*** Opening of Data shown ***
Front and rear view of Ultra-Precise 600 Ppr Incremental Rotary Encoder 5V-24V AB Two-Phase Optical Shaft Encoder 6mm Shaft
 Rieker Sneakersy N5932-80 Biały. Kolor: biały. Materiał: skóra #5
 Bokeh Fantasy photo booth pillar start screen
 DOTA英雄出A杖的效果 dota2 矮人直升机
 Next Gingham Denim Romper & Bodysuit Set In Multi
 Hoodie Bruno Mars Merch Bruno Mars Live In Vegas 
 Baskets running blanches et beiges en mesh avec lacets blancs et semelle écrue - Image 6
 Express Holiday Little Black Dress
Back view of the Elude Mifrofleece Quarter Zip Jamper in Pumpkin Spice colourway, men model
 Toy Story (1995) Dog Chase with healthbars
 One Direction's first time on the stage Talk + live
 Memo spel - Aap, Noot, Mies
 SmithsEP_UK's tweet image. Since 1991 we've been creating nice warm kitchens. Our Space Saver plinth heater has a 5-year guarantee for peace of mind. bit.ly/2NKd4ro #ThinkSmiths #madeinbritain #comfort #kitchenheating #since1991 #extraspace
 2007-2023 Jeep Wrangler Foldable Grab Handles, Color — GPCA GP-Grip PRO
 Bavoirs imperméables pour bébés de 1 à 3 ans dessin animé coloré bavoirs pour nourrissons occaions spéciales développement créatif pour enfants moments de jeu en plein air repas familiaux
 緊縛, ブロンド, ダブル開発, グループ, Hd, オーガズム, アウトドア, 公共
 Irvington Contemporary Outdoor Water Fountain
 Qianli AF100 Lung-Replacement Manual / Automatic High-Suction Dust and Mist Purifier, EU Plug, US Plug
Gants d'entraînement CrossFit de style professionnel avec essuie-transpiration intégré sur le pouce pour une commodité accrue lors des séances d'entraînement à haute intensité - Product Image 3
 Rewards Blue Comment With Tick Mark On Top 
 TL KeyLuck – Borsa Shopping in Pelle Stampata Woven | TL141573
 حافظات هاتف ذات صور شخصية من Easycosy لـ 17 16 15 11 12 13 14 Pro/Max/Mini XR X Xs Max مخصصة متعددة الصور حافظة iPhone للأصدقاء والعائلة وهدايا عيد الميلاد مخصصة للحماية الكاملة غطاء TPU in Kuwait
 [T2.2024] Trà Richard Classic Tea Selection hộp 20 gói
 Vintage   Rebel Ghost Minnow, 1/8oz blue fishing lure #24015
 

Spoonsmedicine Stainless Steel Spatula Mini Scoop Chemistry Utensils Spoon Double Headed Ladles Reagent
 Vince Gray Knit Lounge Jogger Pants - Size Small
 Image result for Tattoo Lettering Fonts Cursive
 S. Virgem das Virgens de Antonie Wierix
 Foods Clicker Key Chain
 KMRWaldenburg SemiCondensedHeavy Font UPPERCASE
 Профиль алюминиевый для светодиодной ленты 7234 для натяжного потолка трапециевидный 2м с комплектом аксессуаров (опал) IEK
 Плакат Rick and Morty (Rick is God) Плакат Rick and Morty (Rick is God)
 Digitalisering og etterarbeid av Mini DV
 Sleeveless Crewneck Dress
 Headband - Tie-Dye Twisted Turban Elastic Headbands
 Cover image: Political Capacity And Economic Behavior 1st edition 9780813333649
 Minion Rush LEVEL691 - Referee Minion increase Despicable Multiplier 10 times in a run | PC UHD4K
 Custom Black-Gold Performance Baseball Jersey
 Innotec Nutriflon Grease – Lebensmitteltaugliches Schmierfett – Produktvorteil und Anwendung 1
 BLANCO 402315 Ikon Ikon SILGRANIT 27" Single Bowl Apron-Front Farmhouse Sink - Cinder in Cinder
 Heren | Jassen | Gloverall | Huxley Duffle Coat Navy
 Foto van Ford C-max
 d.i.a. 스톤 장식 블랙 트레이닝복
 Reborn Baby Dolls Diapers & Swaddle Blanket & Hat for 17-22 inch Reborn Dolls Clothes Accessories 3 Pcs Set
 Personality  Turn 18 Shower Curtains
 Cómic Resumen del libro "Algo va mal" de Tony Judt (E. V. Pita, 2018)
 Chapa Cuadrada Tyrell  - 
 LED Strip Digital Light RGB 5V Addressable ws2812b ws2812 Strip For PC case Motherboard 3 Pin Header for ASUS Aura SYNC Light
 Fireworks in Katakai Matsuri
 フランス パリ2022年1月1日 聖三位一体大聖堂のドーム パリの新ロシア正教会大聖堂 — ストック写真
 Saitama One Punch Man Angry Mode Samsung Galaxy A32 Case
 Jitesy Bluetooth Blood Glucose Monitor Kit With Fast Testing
*** Close of Data shown ***
*What is needed*.
Could you restate word for word the lines above from the one containing "Gants d'entraînement CrossFit" through the one containing "Spoonsmedicine Stainless Steel", both included, and nothing else?

*Solution*.
Gants d'entraînement CrossFit de style professionnel avec essuie-transpiration intégré sur le pouce pour une commodité accrue lors des séances d'entraînement à haute intensité - Product Image 3
 Rewards Blue Comment With Tick Mark On Top 
 TL KeyLuck – Borsa Shopping in Pelle Stampata Woven | TL141573
 حافظات هاتف ذات صور شخصية من Easycosy لـ 17 16 15 11 12 13 14 Pro/Max/Mini XR X Xs Max مخصصة متعددة الصور حافظة iPhone للأصدقاء والعائلة وهدايا عيد الميلاد مخصصة للحماية الكاملة غطاء TPU in Kuwait
 [T2.2024] Trà Richard Classic Tea Selection hộp 20 gói
 Vintage   Rebel Ghost Minnow, 1/8oz blue fishing lure #24015
 

Spoonsmedicine Stainless Steel Spatula Mini Scoop Chemistry Utensils Spoon Double Headed Ladles Reagent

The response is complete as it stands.